Instructions to follow => Verbatim copy, pictures excluded: every line from the one with "94 OAK STREET W" through the final line of the data below, and no other line.

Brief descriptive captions
--- START ---

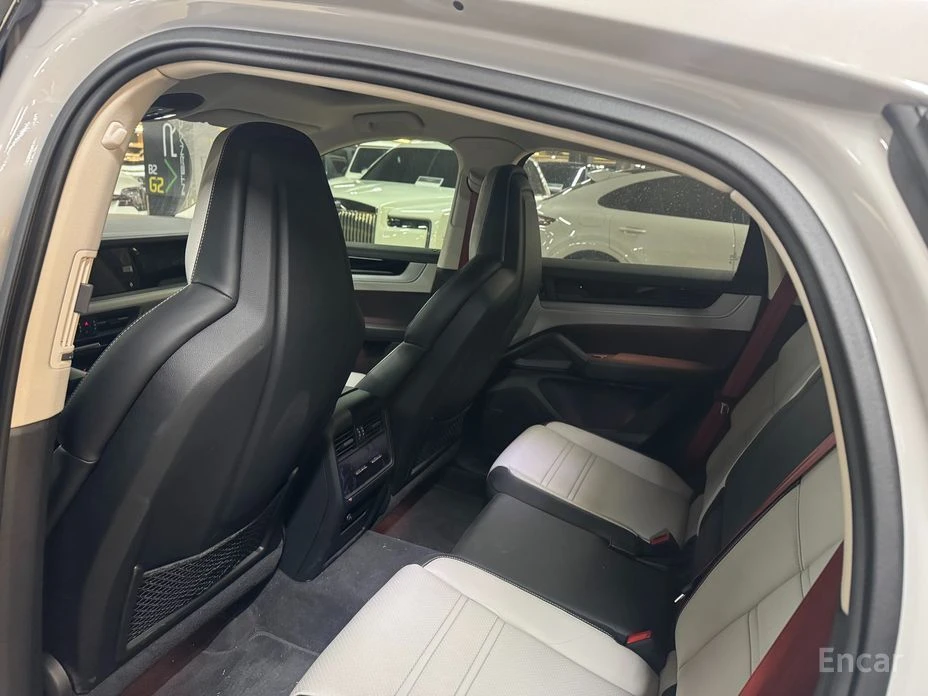 Porsche Cayenne  - изображение 7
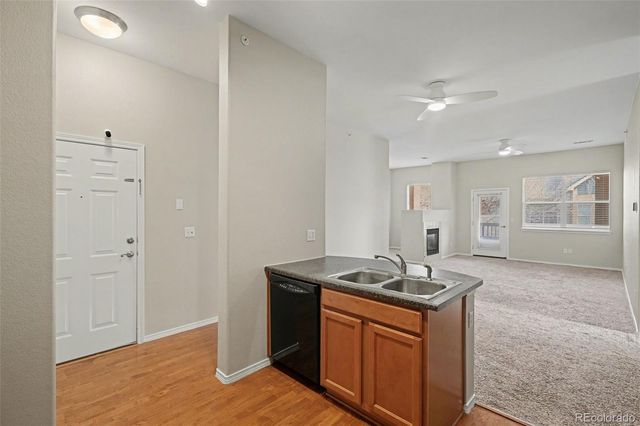 8467 Canyon Rim Circle 302, Englewood, CO 80112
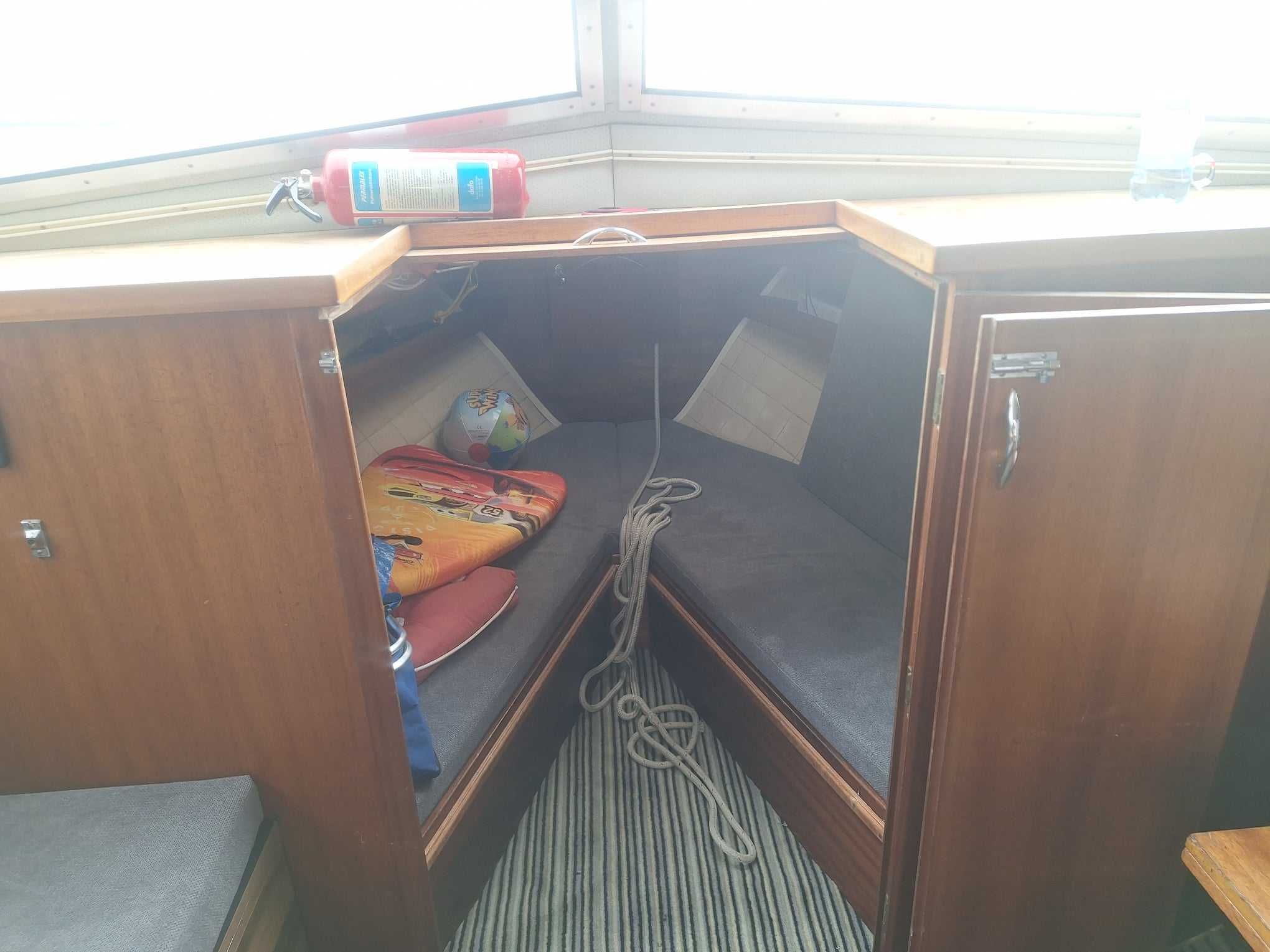 Jacht motorowy, houseboat, volvo, 11m,strumieniówka, przyczepa,zamiana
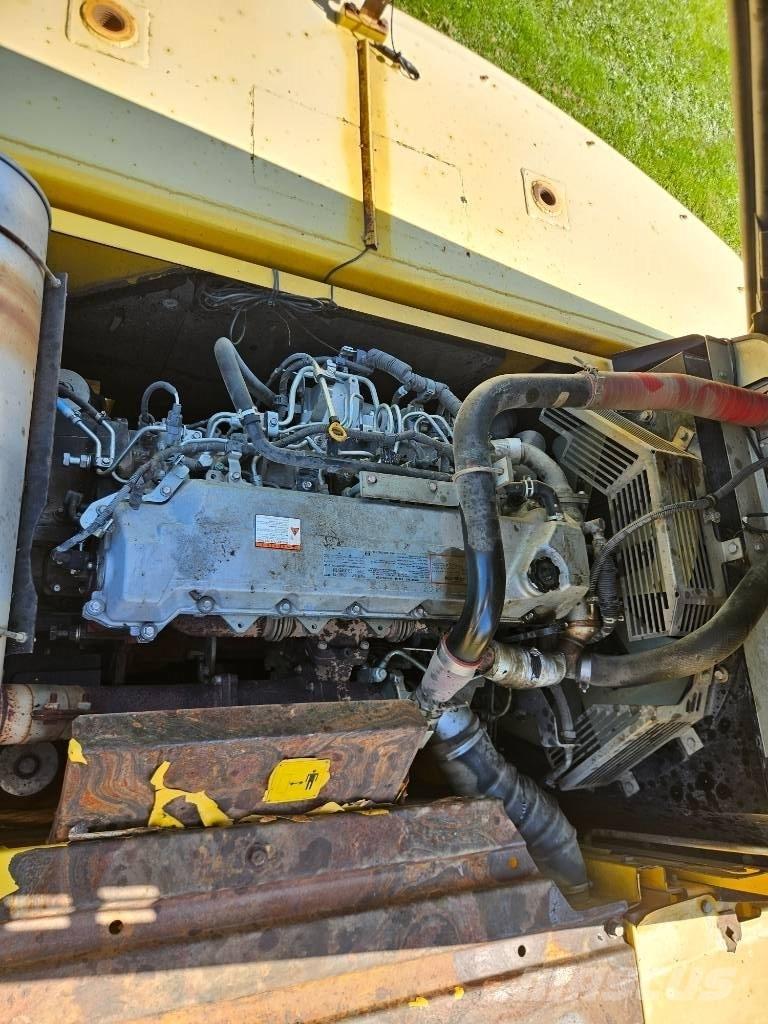 New Holland E 385 B Lánctalpas kotrók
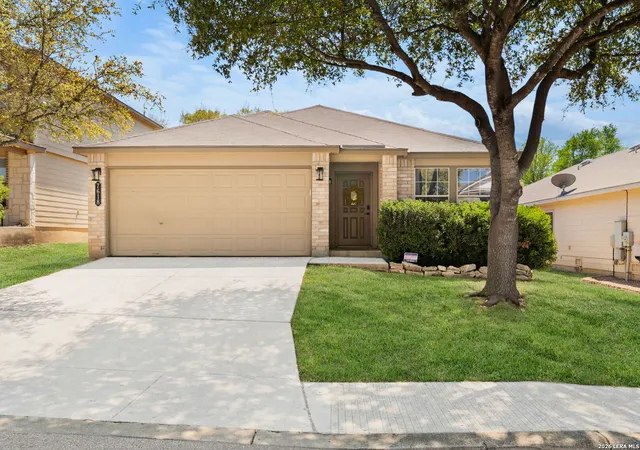 Photo 1 of Sale Pending at 7618 Lost Crk Gap, Boerne, TX 78015 | MLS# 1952126 | Listing updated on 2026-04-10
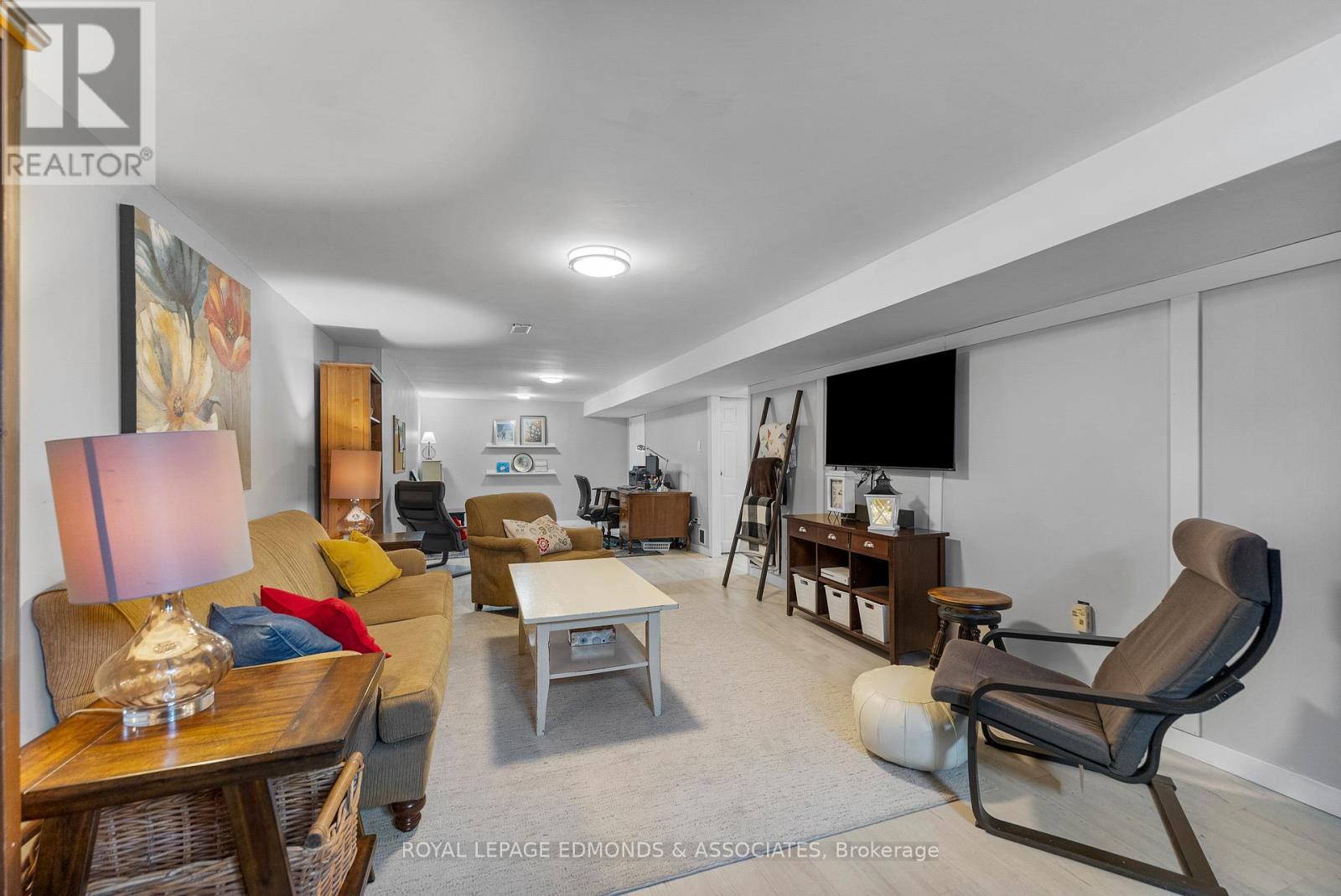 












94 OAK STREET W

,
Laurentian Valley,




Ontario
K8A7R3

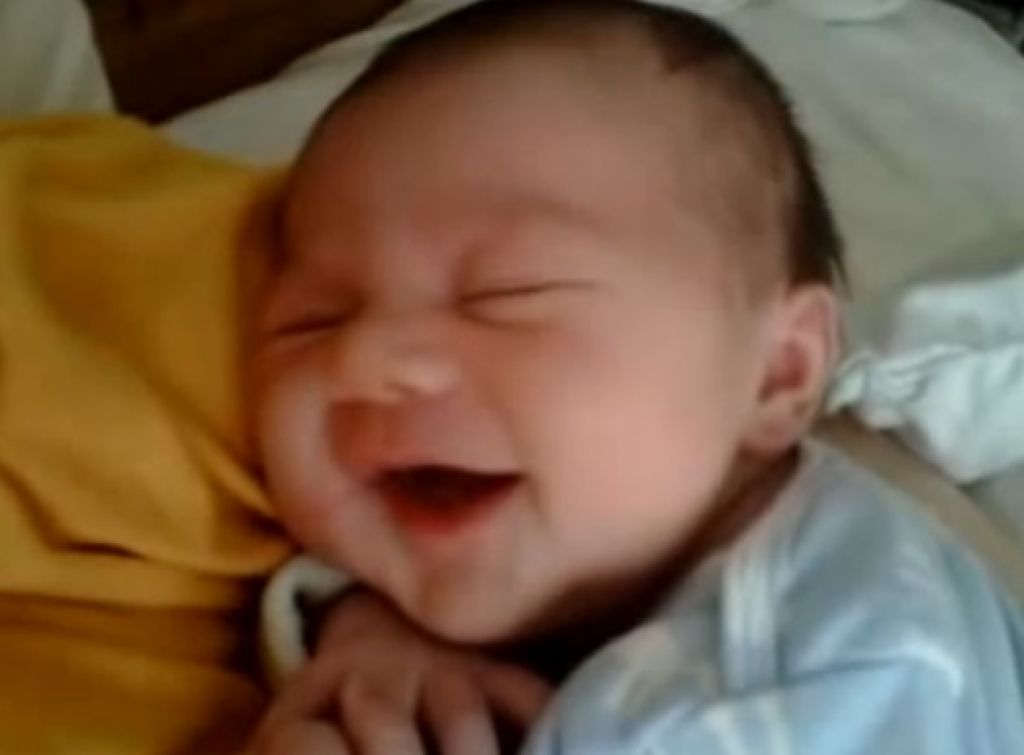 VIDEO: Le o čem je sanjala dojenčica, da se je tako sladko smejala?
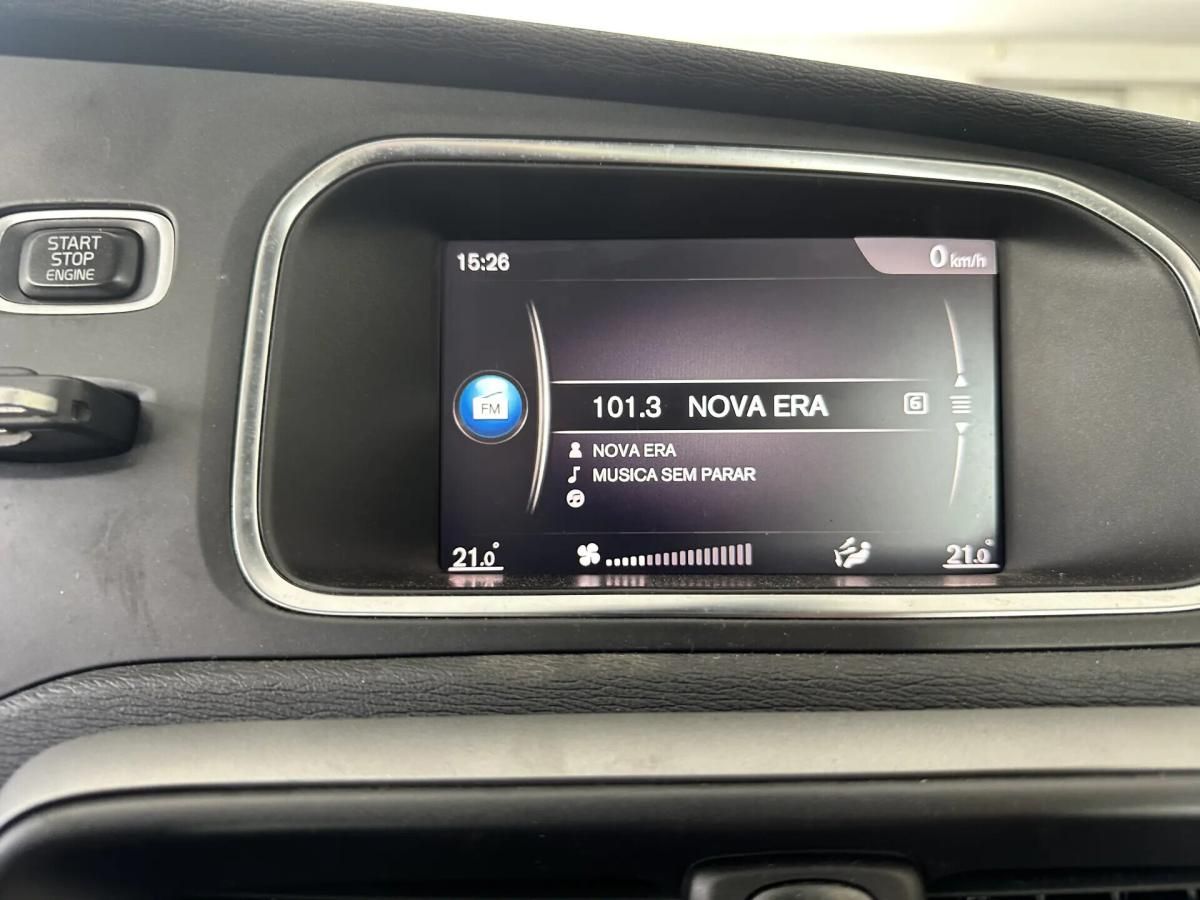 volvo-v40-2018-diesel-1969cc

--- END ---

Response =>
94 OAK STREET W

,
Laurentian Valley,




Ontario
K8A7R3

 VIDEO: Le o čem je sanjala dojenčica, da se je tako sladko smejala?
 volvo-v40-2018-diesel-1969cc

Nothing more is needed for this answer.